WORK TO COMPLETE
A faithful transcription is wanted of the lines from the top of the material through the line that holds "Draw-filling is done", both ends included, leaving out the pictures.

DATA PROVIDED
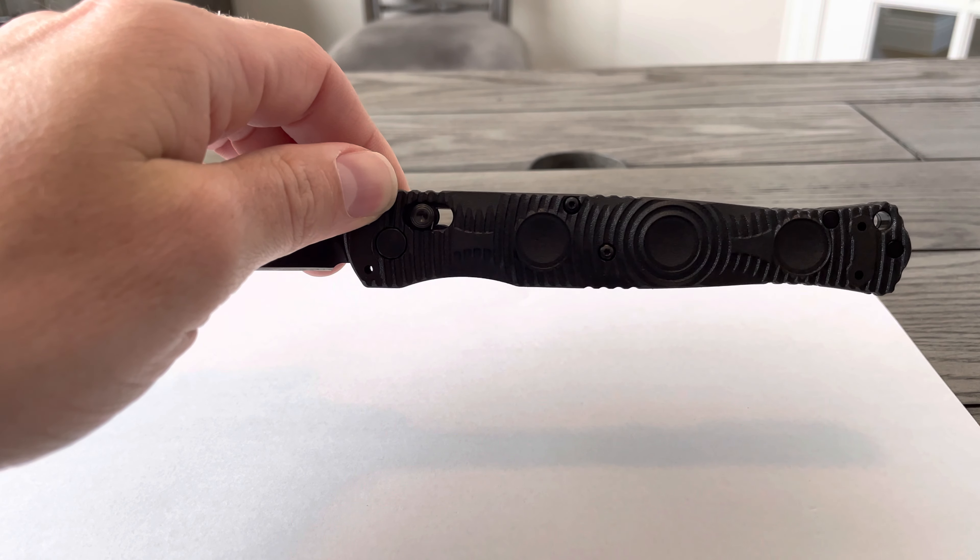It's ideal for on and off duty carry. The rapid deployment ring right here and tie-down carry enhance the speed at which the knife can be deployed from concealment.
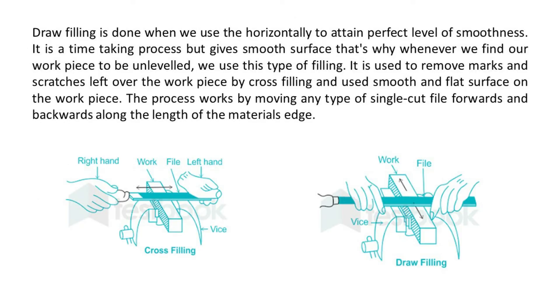Draw-filling is done when we use the file horizontally to attain a perfect level of smoothness. It is a time-taking process, but gives a smooth surface. That is why whenever we find our workpiece to be unleveled, we use this type of filing. It is used to remove marks and scratches left on the workpiece by cross-filling, and to produce a smooth and flat surface. The process works by moving any type of single-cut file forwards and backwards along the length of the material's edge.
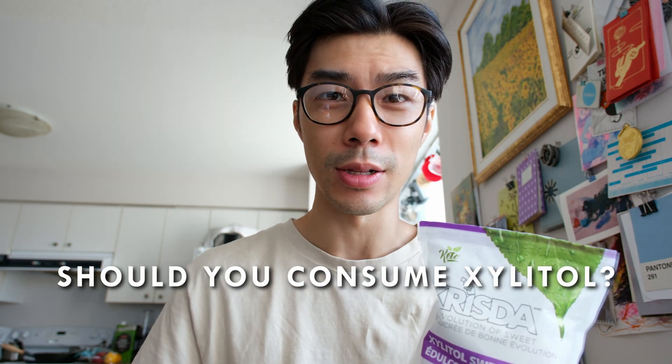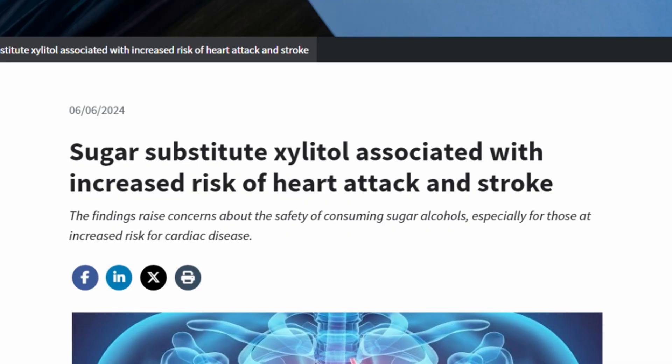Another frequently asked question is: should you consume the Xylitol? I'm always in the camp of if I don't need it in my body, let's not put it in my body. I use Xylitol purely as an oral hygiene tool. Some people use it as a sugar substitute for baking, but I've seen studies suggesting that things like Xylitol can lead to increased heart attack and stroke risks. So I'd personally try to minimize consumption of Xylitol if you can.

EXERCISE SOLUTION
It's ideal for on and off duty carry. The rapid deployment ring right here and tie-down carry enhance the speed at which the knife can be deployed from concealment.
Draw-filling is done when we use the file horizontally to attain a perfect level of smoothness. It is a time-taking process, but gives a smooth surface. That is why whenever we find our workpiece to be unleveled, we use this type of filing. It is used to remove marks and scratches left on the workpiece by cross-filling, and to produce a smooth and flat surface. The process works by moving any type of single-cut file forwards and backwards along the length of the material's edge.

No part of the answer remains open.